Vier Pflegemütter kümmern sich in Stuttgart
Anette Breucker ist eine von vier Pflegemüttern in Stuttgart, die die Säuglinge aus der Babyklappe im Schnitt acht Wochen lang betreut. In den vergangenen fünf Jahren betreute sie fünf Kinder. Die 61-jährige Rechtsanwältin ist dreifache Mutter. Ihre erwachsenen Kinder sind aus dem Haus. Sie arbeite auch aus dem Homeoffice, sei flexibel und werde von ihrem Ehemann unterstützt. Die Babys seien meist nicht über fünf Tage alt, wenn sie zu ihnen kämen und das sei eine sehr große Verantwortung, so Breucker.
Es rührt einen sehr und man taucht ganz ein in diese Situation. Wir kriegen ja gesagt, man kann die Kinder in dem Alter ja gar nicht genug verwöhnen. Und dass machen wir uns zur Pflicht und zur Aufgabe, dass es den Kindern an nichts mangelt.
Meldet sich die leibliche Mutter nicht mehr, wird das Baby nach acht Wochen an Adoptiveltern übergeben. Ausreichend Wohnraum, eine stabile finanzielle Situation, Erfahrung mit Kindern, Gesundheit und ein lupenreines Führungszeugnis sind die wichtigsten Voraussetzungen, um Pflegeeltern zu werden. Ein bisschen Trennungsschmerz sei da schon, aber wenn sie das Glück der Adoptiveltern sehe, seien ihre eigenen Belange nachrangig, sagt Anette Breucker.

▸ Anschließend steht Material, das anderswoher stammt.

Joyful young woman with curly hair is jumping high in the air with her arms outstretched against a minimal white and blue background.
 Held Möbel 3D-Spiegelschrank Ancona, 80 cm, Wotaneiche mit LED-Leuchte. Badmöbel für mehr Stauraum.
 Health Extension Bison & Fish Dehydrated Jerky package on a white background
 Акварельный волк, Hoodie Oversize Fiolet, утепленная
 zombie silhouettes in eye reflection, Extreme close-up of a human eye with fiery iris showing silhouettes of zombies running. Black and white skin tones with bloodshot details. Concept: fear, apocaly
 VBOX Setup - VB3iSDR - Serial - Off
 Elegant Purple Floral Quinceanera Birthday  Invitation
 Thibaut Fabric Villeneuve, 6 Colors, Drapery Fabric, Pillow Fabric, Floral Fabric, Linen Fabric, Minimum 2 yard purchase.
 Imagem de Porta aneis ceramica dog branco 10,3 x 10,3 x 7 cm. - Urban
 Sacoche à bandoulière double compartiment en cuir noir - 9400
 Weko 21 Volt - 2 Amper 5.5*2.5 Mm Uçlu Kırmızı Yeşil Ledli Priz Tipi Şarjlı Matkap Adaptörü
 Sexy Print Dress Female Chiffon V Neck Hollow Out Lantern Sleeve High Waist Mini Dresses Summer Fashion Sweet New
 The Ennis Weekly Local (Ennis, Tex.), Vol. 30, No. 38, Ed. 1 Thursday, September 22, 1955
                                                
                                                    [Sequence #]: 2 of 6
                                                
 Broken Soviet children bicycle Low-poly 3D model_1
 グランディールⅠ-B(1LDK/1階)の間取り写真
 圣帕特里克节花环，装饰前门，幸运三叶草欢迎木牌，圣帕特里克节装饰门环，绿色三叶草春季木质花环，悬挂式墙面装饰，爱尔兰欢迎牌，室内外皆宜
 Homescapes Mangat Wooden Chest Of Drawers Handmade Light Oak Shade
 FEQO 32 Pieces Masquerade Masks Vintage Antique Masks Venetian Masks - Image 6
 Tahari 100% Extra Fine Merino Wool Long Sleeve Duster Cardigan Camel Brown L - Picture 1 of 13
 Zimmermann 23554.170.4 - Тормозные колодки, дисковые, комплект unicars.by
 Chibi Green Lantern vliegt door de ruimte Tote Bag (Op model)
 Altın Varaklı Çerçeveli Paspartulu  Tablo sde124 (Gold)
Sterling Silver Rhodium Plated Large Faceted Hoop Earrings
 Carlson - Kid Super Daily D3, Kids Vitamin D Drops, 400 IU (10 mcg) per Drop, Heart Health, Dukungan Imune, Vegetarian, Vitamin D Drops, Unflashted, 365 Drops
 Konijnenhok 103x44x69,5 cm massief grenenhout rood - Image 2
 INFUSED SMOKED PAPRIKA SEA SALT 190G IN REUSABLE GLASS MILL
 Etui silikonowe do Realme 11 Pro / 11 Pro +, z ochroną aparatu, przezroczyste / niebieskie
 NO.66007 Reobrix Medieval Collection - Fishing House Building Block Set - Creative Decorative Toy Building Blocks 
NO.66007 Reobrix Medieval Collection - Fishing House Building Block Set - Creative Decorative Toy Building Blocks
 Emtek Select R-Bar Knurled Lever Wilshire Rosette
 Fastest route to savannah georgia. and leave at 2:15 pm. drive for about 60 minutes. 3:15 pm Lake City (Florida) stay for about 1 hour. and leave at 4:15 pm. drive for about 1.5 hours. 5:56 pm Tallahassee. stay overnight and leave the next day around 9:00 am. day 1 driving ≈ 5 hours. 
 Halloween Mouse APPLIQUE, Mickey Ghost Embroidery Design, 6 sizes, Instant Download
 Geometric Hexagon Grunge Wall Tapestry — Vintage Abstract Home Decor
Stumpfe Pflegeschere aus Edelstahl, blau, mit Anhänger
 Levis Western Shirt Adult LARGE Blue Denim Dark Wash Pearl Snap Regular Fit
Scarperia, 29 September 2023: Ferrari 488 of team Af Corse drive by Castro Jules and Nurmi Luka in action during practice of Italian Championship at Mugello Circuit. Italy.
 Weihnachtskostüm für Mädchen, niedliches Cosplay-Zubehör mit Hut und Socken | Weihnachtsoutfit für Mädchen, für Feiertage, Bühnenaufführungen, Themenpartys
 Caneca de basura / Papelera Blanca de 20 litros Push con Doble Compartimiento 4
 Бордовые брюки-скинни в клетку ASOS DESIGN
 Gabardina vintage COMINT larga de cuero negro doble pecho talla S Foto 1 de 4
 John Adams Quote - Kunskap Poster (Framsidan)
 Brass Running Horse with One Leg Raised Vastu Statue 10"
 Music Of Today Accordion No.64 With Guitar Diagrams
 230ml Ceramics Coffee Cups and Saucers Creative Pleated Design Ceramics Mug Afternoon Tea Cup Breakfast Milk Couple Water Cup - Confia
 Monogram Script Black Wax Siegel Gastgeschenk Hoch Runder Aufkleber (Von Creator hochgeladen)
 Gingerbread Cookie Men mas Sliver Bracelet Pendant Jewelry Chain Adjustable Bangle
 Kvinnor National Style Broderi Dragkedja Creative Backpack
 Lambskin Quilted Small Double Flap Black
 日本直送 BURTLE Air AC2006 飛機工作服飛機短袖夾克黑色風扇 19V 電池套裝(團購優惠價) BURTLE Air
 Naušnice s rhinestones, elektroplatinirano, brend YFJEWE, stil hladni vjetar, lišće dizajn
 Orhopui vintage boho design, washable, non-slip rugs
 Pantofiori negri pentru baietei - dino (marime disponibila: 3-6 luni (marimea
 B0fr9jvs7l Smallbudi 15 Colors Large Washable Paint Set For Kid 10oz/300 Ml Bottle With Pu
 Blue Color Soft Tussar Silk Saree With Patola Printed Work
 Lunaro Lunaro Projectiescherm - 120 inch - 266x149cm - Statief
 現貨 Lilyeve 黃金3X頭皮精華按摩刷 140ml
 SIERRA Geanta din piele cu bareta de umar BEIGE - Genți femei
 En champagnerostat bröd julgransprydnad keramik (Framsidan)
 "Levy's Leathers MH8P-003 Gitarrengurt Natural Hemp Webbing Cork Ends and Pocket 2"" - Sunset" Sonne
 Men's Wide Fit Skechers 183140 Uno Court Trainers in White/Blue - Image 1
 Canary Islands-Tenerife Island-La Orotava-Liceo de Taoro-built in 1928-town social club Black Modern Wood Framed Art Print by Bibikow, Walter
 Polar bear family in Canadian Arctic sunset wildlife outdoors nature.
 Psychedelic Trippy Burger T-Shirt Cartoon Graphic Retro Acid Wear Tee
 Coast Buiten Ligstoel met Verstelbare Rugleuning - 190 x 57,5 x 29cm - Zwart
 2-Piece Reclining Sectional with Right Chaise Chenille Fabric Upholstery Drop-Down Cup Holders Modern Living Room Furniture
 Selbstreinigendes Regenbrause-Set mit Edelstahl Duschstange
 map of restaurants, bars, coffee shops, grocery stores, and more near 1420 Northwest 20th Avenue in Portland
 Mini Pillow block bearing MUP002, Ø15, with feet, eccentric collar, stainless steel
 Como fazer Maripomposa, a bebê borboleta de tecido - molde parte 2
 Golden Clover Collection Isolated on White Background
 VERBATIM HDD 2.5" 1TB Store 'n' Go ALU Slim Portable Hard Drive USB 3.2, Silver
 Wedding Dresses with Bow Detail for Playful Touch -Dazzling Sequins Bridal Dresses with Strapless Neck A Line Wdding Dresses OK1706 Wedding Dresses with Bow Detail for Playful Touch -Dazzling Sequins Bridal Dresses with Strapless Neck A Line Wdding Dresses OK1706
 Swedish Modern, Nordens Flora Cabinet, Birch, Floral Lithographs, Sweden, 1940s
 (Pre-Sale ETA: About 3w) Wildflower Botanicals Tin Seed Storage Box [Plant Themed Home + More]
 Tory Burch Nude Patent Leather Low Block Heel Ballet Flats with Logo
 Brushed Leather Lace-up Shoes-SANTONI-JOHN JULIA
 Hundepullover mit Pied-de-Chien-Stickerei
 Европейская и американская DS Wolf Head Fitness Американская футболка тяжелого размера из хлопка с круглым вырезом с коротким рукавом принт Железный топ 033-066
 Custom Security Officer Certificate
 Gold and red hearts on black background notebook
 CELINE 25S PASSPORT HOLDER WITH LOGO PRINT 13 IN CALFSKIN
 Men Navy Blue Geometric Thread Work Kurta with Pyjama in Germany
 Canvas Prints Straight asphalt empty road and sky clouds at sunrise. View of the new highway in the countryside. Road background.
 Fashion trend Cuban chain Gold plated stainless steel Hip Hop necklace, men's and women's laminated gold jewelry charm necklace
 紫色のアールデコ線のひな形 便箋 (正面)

Babyklappen gibt es seit 25 Jahren
Deutschlands erste Babyklappe öffnete 2000 in Hamburg. Mittlerweile gibt es Schätzungen zufolge bundesweit rund 100 solcher Hilfsangebote. In Baden-Württemberg neben Stuttgart auch in Karlsruhe sowie in kleineren Städten wie Villingen-Schwenningen, Singen oder Lörrach. Babyklappen sind jedoch nicht unumstritten: Wie bei einer anonymen Geburt können betroffene Kinder ihre leiblichen Eltern nicht ausfindig machen, wenn sich diese nicht gemeldet haben, bemängeln Kritiker.